[Records from a collection]
'''

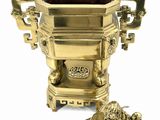 a gold urn with a lion on top of it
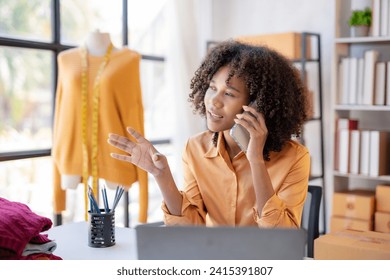 Entrepreneurial African American woman engaging in a phone conversation in her sunny fashion design studio.
 - Powered by Shutterstock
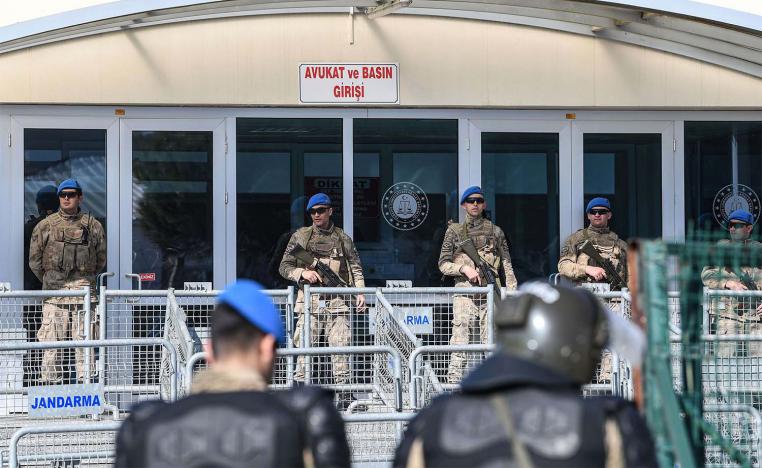A member of the media waits in front of the Silivri Prison and Courthouse complex in Silivri, near Istanbul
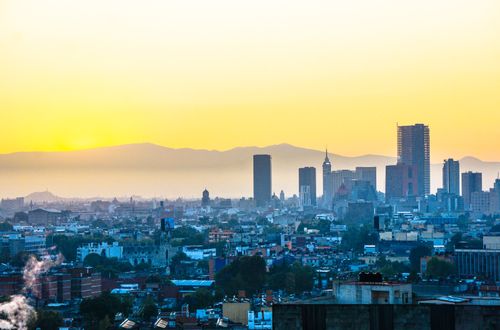 Free Vibrant Mexico City skyline against a colorful sunrise backdrop with iconic skyscrapers. Stock Photo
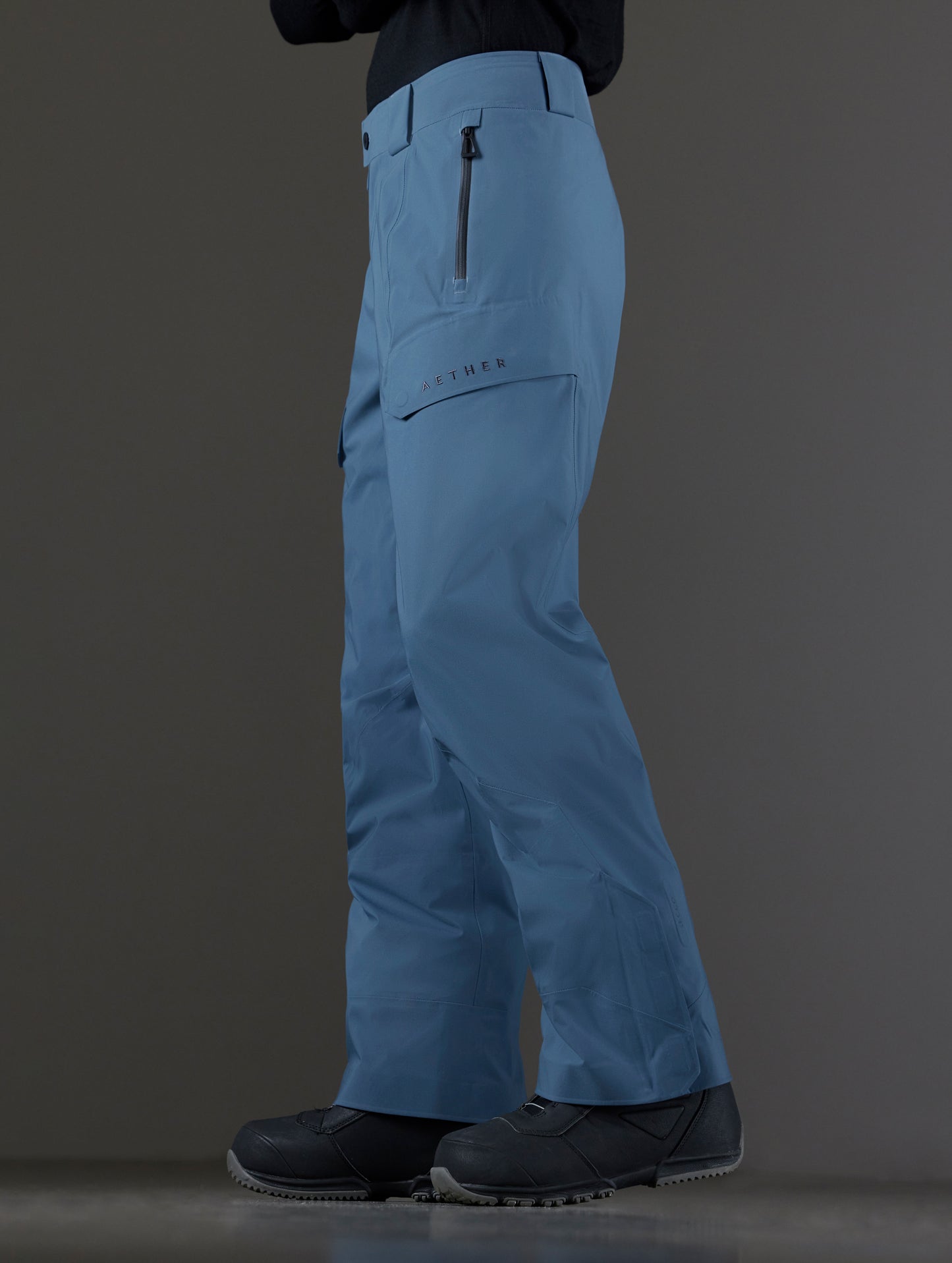 Side profile lower body view of man wearing Maverick Snow-Shell Pant in Portal Blue from AETHER Apparel.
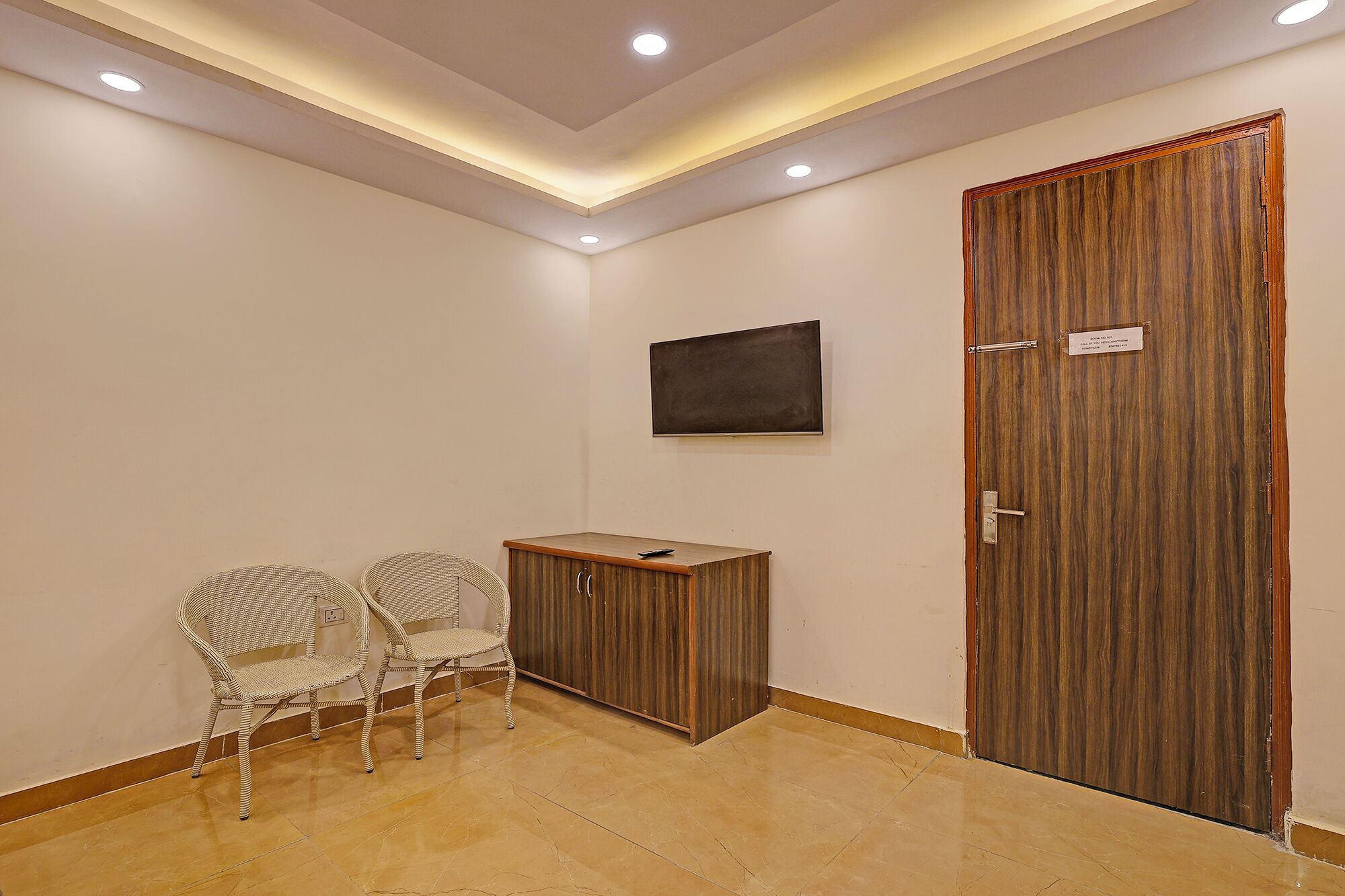 A room with a wooden door, a small cabinet, two wicker chairs, and a mounted flat-screen TV.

'''

● **Task to complete**
Extract every line of the data exactly; pictures stay out.

● **Solution to this task**
 a gold urn with a lion on top of it
 Entrepreneurial African American woman engaging in a phone conversation in her sunny fashion design studio.
 - Powered by Shutterstock
A member of the media waits in front of the Silivri Prison and Courthouse complex in Silivri, near Istanbul
 Free Vibrant Mexico City skyline against a colorful sunrise backdrop with iconic skyscrapers. Stock Photo
 Side profile lower body view of man wearing Maverick Snow-Shell Pant in Portal Blue from AETHER Apparel.
 A room with a wooden door, a small cabinet, two wicker chairs, and a mounted flat-screen TV.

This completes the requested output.